We all go through life leaving bits and pieces of ourselves everywhere around us to be found by anyone who comes across them; we are generally unaware that we do so since the majority of the legacies we leave behind we leave unknowingly. They may be a piece of litter or a $100 bill; a kind word or a curse; a gift of understanding and compassion or neglect and indifference. Some legacies we leave deliberately and, in general, these are things meant to help or educate those coming along behind us. It is the ones we leave though ignorance or unawareness of the impact we can have on others that can do damage. We must be aware that everything we do and say will or might be something that others will consider our true opinions and feelings about those around us or our surroundings. With this awareness we can judge what we do and say to be sure that we are leaving an accurate record and can alleviate misunderstandings. What is left of after we are gone, for a trip or forever, is all that will be remembered of us and if we care at all about how we’re thought of we’ll make careful choices about what we leave behind. Wouldn’t you rather be remembered in a positive way than as a negative person?

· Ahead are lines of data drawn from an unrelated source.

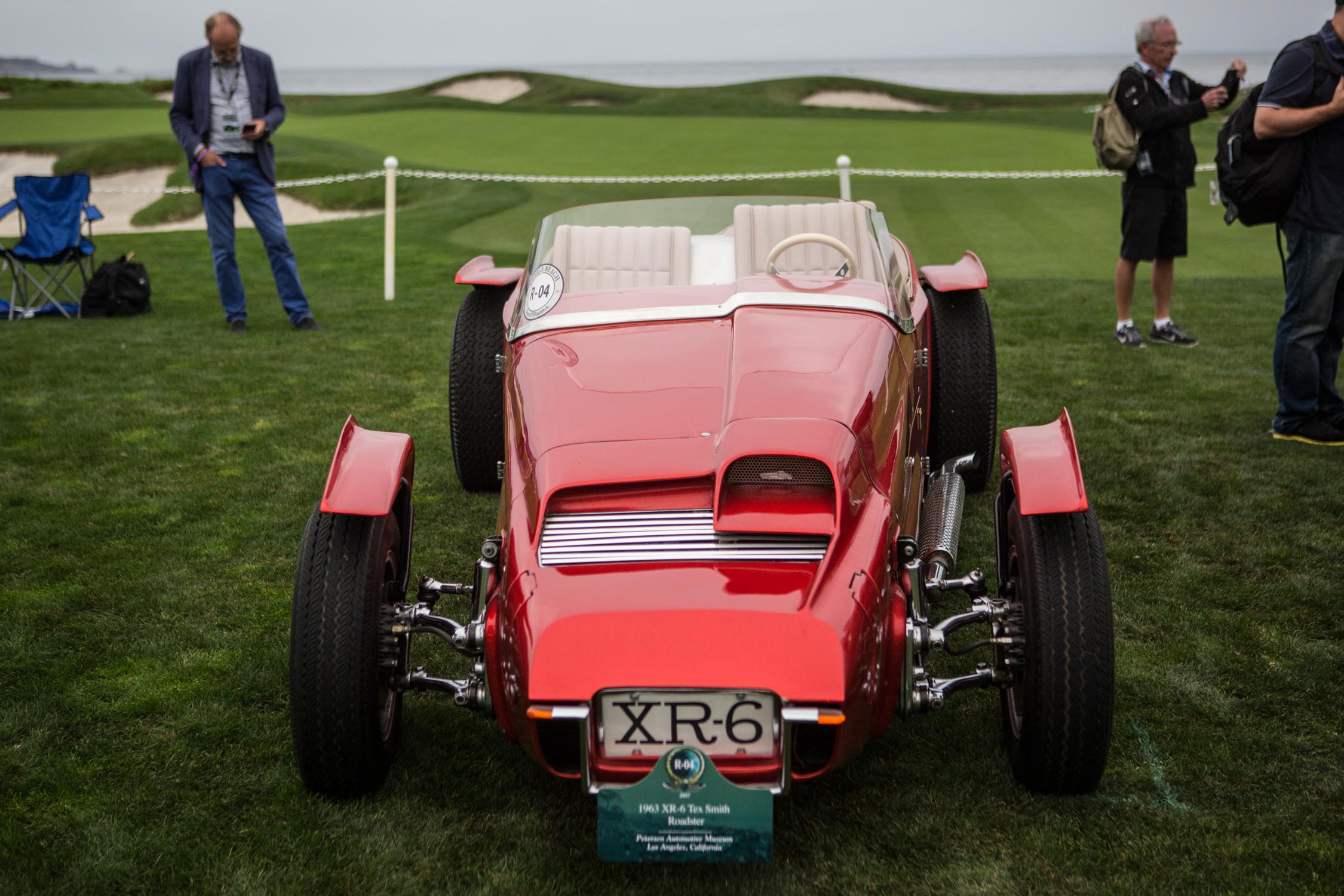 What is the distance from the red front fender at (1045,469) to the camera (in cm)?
271

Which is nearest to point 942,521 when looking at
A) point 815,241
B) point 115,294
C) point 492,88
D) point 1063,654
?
point 1063,654

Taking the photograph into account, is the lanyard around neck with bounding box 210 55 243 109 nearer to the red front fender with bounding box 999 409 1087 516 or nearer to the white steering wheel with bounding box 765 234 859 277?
the white steering wheel with bounding box 765 234 859 277

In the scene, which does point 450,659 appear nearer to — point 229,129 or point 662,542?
point 662,542

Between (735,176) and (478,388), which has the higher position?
(735,176)

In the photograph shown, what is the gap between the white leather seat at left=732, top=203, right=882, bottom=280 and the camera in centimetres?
413

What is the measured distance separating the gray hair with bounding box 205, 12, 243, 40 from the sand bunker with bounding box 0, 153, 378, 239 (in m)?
6.58

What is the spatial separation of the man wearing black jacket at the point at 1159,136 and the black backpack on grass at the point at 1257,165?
1.58 m

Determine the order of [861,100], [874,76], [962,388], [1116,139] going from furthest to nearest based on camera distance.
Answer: [874,76] → [861,100] → [1116,139] → [962,388]

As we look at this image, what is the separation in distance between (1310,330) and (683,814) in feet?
14.4

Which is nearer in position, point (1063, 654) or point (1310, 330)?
point (1063, 654)

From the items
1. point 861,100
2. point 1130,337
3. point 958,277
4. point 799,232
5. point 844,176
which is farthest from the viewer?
point 861,100

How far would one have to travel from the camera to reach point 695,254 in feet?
14.6

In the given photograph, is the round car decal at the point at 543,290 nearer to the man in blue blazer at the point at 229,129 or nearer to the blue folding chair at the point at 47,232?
the man in blue blazer at the point at 229,129

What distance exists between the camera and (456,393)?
462 centimetres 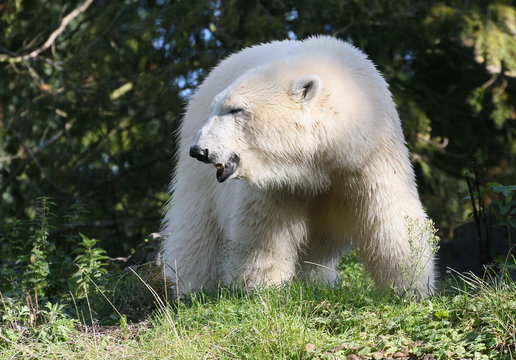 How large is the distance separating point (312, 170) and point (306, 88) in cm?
48

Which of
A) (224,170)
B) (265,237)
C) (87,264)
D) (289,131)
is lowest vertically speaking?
(87,264)

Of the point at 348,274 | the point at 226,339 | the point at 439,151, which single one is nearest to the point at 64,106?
the point at 439,151

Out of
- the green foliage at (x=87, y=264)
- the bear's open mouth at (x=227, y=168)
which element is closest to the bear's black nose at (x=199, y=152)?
the bear's open mouth at (x=227, y=168)

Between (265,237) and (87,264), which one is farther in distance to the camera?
(87,264)

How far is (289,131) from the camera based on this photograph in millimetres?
4773

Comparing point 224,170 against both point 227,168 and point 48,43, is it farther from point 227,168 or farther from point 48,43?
point 48,43

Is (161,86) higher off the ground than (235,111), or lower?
higher

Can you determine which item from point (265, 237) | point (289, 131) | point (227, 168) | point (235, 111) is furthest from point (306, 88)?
point (265, 237)

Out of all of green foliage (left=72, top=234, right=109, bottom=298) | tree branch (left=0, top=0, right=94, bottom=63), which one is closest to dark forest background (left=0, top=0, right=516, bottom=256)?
tree branch (left=0, top=0, right=94, bottom=63)

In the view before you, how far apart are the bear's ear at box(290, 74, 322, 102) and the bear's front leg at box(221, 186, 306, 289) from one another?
0.67 metres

Our wants and needs sometimes seem ephemeral and not quite real; it feels as if others, and we, treat our wants and needs as merely transitory or ignore them completely. This is damaging…without affirmation or acknowledgement we may begin to drift rather than follow our goals and dreams. When our ideas and dreams don’t seem to have taken on weight and solidity is it much easier to lose track of them and thus lose them for good and for real. We need to have dreams and goals and dreams of goals to give our lives a direction and meaning. When the goals have floated away on the wind we are lost and stumbling into a void that appears more permanent than the hopes previously held dear. The fleeting nature of a thought that began as a passing fancy can blossom and grow with acknowledgement and encouragement from others, and ourselves, and may give our lives a turn for the better. Or possibly a turn for the worse that could hold within in it a lesson we needed to learn. We cannot afford to treat these currently insubstantial desires as something impossible to expand and achieve for ourselves or others. Ephemeral urges can be acted on, the search for that passing what-if thought can be begun and the what-if thought evaluated for its worth and possibility. If we ignore all these subtle hints coming from our deepest selves it may be too late to retrieve the vestige of an idea of what they might have been. Isn’t it better to search for these elusive thoughts than to allow them to drift away with no effort to pin them down for examination?